PGT projects

Data-centric AI explainability #1

Research around Explainable AI (XAI) is interpreted differently depending on the type of model, data, and applications. In general, however, it has been focused primarily on explaining model inference (see eg LIME, occlusion testing for images), with relatively little relevance given to linking the inference to the data used for training.

This is changing, with recent advances in the area of so-called "Data-Centric AI". For example, concepts underpinning data valuation, such as Influence Functions [WFW+20] and more recently AME (Average Marginal Effects) [LLZ+22] help pinpoint specific data points in the training set, which are most responsible for a given inference. Other, relatively older concepts like Explanation Tables [EF+18] have also been "resurrected" with the aim to provide data-centric explanations.

This project involves:


[WFW+20] Wu, Weiyuan, Lampros Flokas, Eugene Wu, and Jiannan Wang. ‘Complaint-Driven Training Data Debugging for Query 2.0’. In Proceedings of the 2020 ACM SIGMOD International Conference on Management of Data, 1317–34, 2020. https://dl.acm.org/doi/abs/10.1145/3318464.3389696.

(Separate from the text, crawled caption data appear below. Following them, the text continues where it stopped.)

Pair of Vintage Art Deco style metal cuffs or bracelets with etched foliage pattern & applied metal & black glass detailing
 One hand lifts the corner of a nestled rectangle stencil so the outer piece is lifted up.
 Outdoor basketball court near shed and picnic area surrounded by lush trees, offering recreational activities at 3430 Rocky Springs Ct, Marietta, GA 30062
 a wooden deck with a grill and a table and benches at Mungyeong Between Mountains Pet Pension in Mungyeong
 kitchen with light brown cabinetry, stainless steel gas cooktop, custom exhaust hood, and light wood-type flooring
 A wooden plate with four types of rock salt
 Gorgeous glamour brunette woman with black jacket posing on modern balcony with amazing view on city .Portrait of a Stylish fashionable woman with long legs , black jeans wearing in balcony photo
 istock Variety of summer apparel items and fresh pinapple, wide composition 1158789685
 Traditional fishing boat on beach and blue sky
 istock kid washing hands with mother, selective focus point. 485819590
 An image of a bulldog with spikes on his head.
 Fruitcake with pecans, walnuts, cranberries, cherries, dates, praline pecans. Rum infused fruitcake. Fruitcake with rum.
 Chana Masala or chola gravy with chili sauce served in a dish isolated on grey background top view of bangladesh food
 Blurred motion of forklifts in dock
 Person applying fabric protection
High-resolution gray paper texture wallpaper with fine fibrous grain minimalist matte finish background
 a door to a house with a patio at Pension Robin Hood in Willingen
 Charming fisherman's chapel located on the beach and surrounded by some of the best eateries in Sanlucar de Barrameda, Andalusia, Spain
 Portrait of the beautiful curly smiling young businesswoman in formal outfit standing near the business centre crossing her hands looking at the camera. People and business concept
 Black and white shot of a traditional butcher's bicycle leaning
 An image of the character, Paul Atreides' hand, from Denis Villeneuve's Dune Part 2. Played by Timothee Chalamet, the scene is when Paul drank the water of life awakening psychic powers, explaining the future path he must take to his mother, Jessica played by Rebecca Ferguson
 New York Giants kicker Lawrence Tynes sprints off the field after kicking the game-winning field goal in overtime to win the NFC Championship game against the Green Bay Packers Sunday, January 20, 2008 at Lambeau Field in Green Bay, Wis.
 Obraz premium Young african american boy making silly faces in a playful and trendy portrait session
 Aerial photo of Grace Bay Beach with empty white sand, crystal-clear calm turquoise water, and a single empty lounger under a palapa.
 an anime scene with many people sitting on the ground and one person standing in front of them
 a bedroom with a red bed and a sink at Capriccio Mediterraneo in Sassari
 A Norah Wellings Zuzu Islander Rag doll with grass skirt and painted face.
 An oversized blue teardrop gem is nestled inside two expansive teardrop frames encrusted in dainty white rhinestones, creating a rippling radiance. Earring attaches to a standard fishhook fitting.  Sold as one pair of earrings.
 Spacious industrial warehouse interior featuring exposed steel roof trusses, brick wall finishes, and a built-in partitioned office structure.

[LLZ+22] Lin, Jinkun, Anqi Zhang, Mathias Lécuyer, Jinyang Li, Aurojit Panda, and Siddhartha Sen. ‘Measuring the Effect of Training Data on Deep Learning Predictions via Randomized Experiments’. In Proceedings of the 39th International Conference on Machine Learning, 13468–504. PMLR, 2022. https://proceedings.mlr.press/v162/lin22h.html.

[EF+18] El Gebaly, Kareem, Guoyao Feng, Lukasz Golab, Flip Korn, and Divesh Srivastava. ‘Explanation Tables’. Sat 5 (2018): 14.

Data-centric AI explainability #2 One of the core ideas behind "data-centric AI" is that producing successful and practically viable AI models requires a balanced effort between optimising the model itself (the combination of its architecture and hyper-parameters) and improving the training sets used to train the model.  This places a new focus on interventions on the data that are eventually shaped into a training set, including for instance data cleaning, pruning, bias reduction, alterations designed to promote fairness, and more. As these interventions are designed to have an effect on the model and its inferencing properties, it is important that they are accounted for in the context of end-to-end explanations.

This project addresses the question of how to automatically generate explanations that (1) justify specific data interventions (eg "imputation was performed on these variables based on a missingness analysis tha revealed [...]"), (2) describe their nature ("missing data on Y  was imputed using a regression model that used variables X1... Xn, because [...]") and (3)  describe their effect ("z% of the values in X have been imputed, and the imputation  modified the distribution of X, reducing its variance [...]").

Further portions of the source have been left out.